Sunshine/W stronę Słońca

Tytuł: Sunshine/W stronę Słońca
Produkcja: Wielka Brytania, 2007
Gatunek: Thriller edukujący światopoglądowo
Dyrekcja: Specjalista od nurkowania w kiblu, Danny Boyle
Za udział wzięli: Scarecrow, Silver Hawk i tata chłopczyka z Ringu
O co chodzi: Ekipa leci statkiem kosmicznym zrzucić bombę na Słońce celem ratowania ludzkości.

Jakie to jest: No cóż – na początek czapki z głów dla Danny’ego Boyle’a za to, że postanowił nakręcić ambitny film oparty na chyba najbardziej kretyńskim założeniu fabularnym od czasów Armageddonu i The Core. Drugie czapki z głów za to, że stworzył coś po prostu rewelacyjnego.

Akcja rozpoczyna się już w końcowym etapie podróży lecącego w bardzo niedalekiej przyszłości w stronę Słońca statku Icarus 2, którego zadaniem jest ponowne rozpalenie naszej gwiazdy przez zrzucenie na nią bomby Słonecznej (Stella Bomb). Słońce bowiem przedwcześnie się kończy i słabnie, co skutkuje nowym zlodowaceniem na Ziemi – nasza ekipa jest więc ostatnią nadzieją ludzkości. Żeby podróż nie była zbyt nudna, nad załogą cały czas wisi widmo statku Icarus 1, który wyleciał z tą sama misją 7 lat wcześniej i ślad po nim zaginął. Otrzymujemy zatem dość standardowy zestaw – ciekawa załoga + klaustrofobiczny statek + stresująca misja + nieoczekiwane wydarzenia.
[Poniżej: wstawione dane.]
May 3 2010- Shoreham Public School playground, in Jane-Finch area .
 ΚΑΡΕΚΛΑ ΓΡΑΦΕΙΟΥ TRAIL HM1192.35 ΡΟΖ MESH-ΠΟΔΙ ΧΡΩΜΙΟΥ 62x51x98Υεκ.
Od pierwszych sekund filmu reżyser postanawia uświadomić widzowi pewną elementarną prawdę – że nasze Słońce jest najbliższym odpowiednikiem istoty boskiej, z jakim może się w życiu spotkać człowiek. „Bóg” ten działa niczym starotestamentowy Jahwe będąc jednocześnie twórcą i warunkiem wszelkiego życia, jak i najbardziej masowym zabójcą – jest to wręcz lovecraftowski bezrozumny bóg, który nieświadomie potrafi unicestwić miliardy istnień. Słońce jest tu kreowane na byt boski w dość jednoznaczny sposób (momentami niestety ZBYT dosłowny), łącznie z cyklem tworzenia życia z prochu i obracania w proch. Kult Słońca nabiera znaczenia wraz ze zbliżaniem się naszej załogi do celu, aż do finalnej metafizycznej erupcji.

Oczywiście ta bliskość „ostatecznego bytu” wpływa coraz silniej to na naszych bohaterów. Jedni w pełni świadomie starają się dotknąć istoty wszechświata (jak pokładowy psychiatra Searle), inni po prostu ulegają temu wpływowi, który coraz bardziej zakłóca ich wszelkie osądy moralne. Każdy z nich z coraz większą łatwością podejmuje decyzje o życiu i śmierci, a ostateczne dylematy moralne u kresu ich drogi stają na porządku dziennym.

„Sunshine” chce też pokazać nam, jak znikome są możliwości oddziaływania człowieka na wszechświat i jak absolutnie nieznaczącym istnieniem jest ludzkość (znowu lovecraftowsko). Wystarczy przez chwilę zastanowić się by dojść do wniosku, jak ulotne i błahe są nasze codzienne problemy, które często dla nas są osią codziennego życia – w sytuacji, kiedy wystarczy 1-procentowe odchylenie od orbity Ziemi, aby zwiać naszą cywilizacje w sposób zupełnie niezauważalny dla wszechświata. Reżyser w bardzo prosty i jednoznaczny sposób ukazuje widzowi, jak blisko ostatecznego stworzenia jest każdy z nas – czując na twarzy promienie słoneczka.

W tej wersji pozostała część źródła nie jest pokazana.